On Petraeus: The Manufacturing Of A Storyline
In an atrocious piece of reporting fueled by a rigged poll question, the New York Times "reports:"
Americans trust military commanders far more than the Bush administration or Congress to bring the war in Iraq to a successful end, and while most favor a withdrawal of American troops beginning next year, they suggested they were open to doing so at a measured pace, according to the latest New York Times/CBS News Poll. . . . Asked to choose among the administration, Congress and military commanders, 21 percent said they would most trust Congress and 68 percent expressed most trust in military commanders.

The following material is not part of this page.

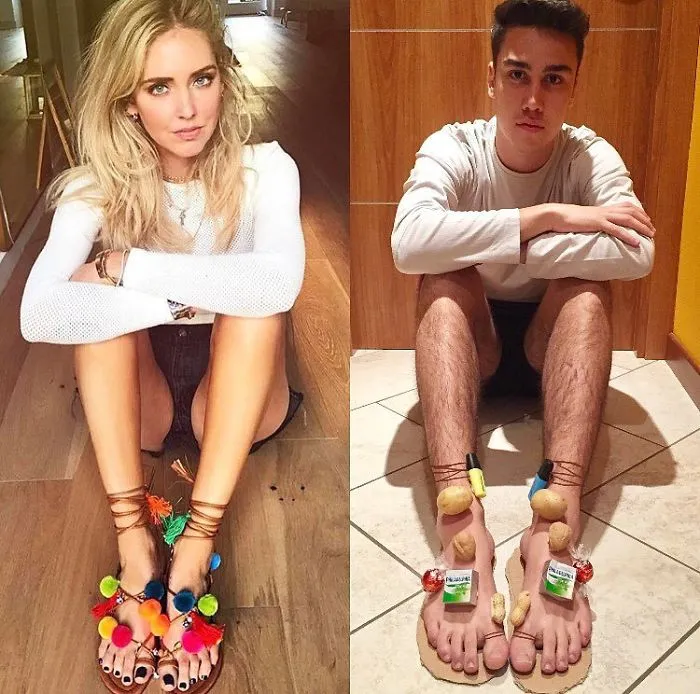 This Italian Guy Gained 661,000+ Instagram Fans By Trolling Celebrity Pics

There are many problems with this storyline. First and foremost, Americans do not get to choose who gets to "end the war." Perhaps the New York Times does not know this, but we are a country that has civilian control of the military. The military follows the orders of the civilian Commander in Chief, the President of the United States. Bruce Ackerman has written on this alarming view of military control apparently endorsed by the news pages of the New York Times.
More.
As polling methodology, the phrasing of the question begins "[i]f you had to choose," a dead giveway of a setup question that simply is unsound. The results were not surprising. The trustworthiness of politicians versus the military has always been and always will be a mismatch. Indeed, the fact that the military only got a 68% finding, to 21% for a failed Congress, and 5% for the worst, most mendacious President in history, is actually quite a bad finding for General Petraeus specifically, and the military generally. The politicization of the military that such figures as Dick Meyers, Peter Pace and Petraeus have engaged in has greatly damaged their credibility. Consider previous trustworthiness findings. On general trustworthiness, in 2006, 72% of Americans said they would trust military officers while just 35% would trust members of Congress. But in a head to head now, the military does worse now against one of the least trusted groups of people in the country.
The lack of trust in General Petraeus in particular was underscored by, via Drum, a Washington Post poll that found that a majority of Americans do not believe that General Petraues will be completely forthright in his testimony and instead will try and defend his policy by fudging the facts.
In short, this is a shoddy piece of journalism that can not be explained innocently. I do not want to ascribe motives to the New York Times news pages, but either there is complete incompetence or some other explanation for this atrocious work.